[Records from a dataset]
# # # # # # #

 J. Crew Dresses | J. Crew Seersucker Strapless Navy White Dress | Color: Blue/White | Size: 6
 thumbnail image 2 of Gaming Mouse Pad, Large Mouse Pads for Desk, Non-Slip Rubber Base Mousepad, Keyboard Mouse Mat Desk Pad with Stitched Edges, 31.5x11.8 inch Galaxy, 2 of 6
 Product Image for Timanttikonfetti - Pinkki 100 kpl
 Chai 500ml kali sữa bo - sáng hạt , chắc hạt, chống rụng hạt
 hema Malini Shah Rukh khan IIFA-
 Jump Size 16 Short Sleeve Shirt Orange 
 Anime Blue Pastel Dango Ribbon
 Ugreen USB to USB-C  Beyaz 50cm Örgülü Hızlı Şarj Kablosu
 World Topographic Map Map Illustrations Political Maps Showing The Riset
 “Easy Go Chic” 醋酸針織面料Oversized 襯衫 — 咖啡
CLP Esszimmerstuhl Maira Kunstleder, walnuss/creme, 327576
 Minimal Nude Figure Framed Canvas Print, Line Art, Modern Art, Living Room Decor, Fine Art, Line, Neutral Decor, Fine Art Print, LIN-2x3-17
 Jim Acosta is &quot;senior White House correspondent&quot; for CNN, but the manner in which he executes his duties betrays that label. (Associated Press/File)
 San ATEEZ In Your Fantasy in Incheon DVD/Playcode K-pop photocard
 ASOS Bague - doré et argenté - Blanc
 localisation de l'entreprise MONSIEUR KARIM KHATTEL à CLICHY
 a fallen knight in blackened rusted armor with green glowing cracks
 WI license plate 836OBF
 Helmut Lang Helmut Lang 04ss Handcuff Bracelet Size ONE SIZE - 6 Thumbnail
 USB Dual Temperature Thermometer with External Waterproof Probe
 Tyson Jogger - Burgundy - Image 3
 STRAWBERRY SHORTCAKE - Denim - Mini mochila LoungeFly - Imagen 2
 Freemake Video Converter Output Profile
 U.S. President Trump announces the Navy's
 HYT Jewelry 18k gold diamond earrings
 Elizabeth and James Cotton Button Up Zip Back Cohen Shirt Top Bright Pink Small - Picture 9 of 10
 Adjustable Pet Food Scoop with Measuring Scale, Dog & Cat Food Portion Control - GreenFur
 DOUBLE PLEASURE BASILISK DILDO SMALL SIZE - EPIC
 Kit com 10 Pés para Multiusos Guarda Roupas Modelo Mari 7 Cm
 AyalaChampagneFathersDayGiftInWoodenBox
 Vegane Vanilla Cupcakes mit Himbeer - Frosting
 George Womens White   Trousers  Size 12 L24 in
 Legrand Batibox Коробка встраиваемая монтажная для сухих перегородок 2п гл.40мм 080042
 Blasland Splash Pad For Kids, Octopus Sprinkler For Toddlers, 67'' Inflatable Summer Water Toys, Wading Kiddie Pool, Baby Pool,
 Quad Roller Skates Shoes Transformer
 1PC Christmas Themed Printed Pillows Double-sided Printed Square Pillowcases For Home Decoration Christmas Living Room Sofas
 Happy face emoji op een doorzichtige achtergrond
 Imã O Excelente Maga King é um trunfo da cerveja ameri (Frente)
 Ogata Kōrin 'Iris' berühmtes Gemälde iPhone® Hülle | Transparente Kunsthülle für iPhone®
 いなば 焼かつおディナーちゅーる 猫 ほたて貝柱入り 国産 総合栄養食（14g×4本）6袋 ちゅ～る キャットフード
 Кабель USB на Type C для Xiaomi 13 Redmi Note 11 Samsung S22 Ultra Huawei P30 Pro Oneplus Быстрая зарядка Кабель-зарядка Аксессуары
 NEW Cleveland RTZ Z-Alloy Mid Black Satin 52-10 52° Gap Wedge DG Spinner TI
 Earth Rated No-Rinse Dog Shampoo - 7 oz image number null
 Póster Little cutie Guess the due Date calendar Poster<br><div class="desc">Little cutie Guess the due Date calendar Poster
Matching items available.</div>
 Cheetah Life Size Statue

# # # # # # #

Exercise prompt:
The required output is the stretch of entries above from the line containing "San ATEEZ In" through the line containing "Kit com 10 Pés", reproduced exactly.

Solution for this task:
 San ATEEZ In Your Fantasy in Incheon DVD/Playcode K-pop photocard
 ASOS Bague - doré et argenté - Blanc
 localisation de l'entreprise MONSIEUR KARIM KHATTEL à CLICHY
 a fallen knight in blackened rusted armor with green glowing cracks
 WI license plate 836OBF
 Helmut Lang Helmut Lang 04ss Handcuff Bracelet Size ONE SIZE - 6 Thumbnail
 USB Dual Temperature Thermometer with External Waterproof Probe
 Tyson Jogger - Burgundy - Image 3
 STRAWBERRY SHORTCAKE - Denim - Mini mochila LoungeFly - Imagen 2
 Freemake Video Converter Output Profile
 U.S. President Trump announces the Navy's
 HYT Jewelry 18k gold diamond earrings
 Elizabeth and James Cotton Button Up Zip Back Cohen Shirt Top Bright Pink Small - Picture 9 of 10
 Adjustable Pet Food Scoop with Measuring Scale, Dog & Cat Food Portion Control - GreenFur
 DOUBLE PLEASURE BASILISK DILDO SMALL SIZE - EPIC
 Kit com 10 Pés para Multiusos Guarda Roupas Modelo Mari 7 Cm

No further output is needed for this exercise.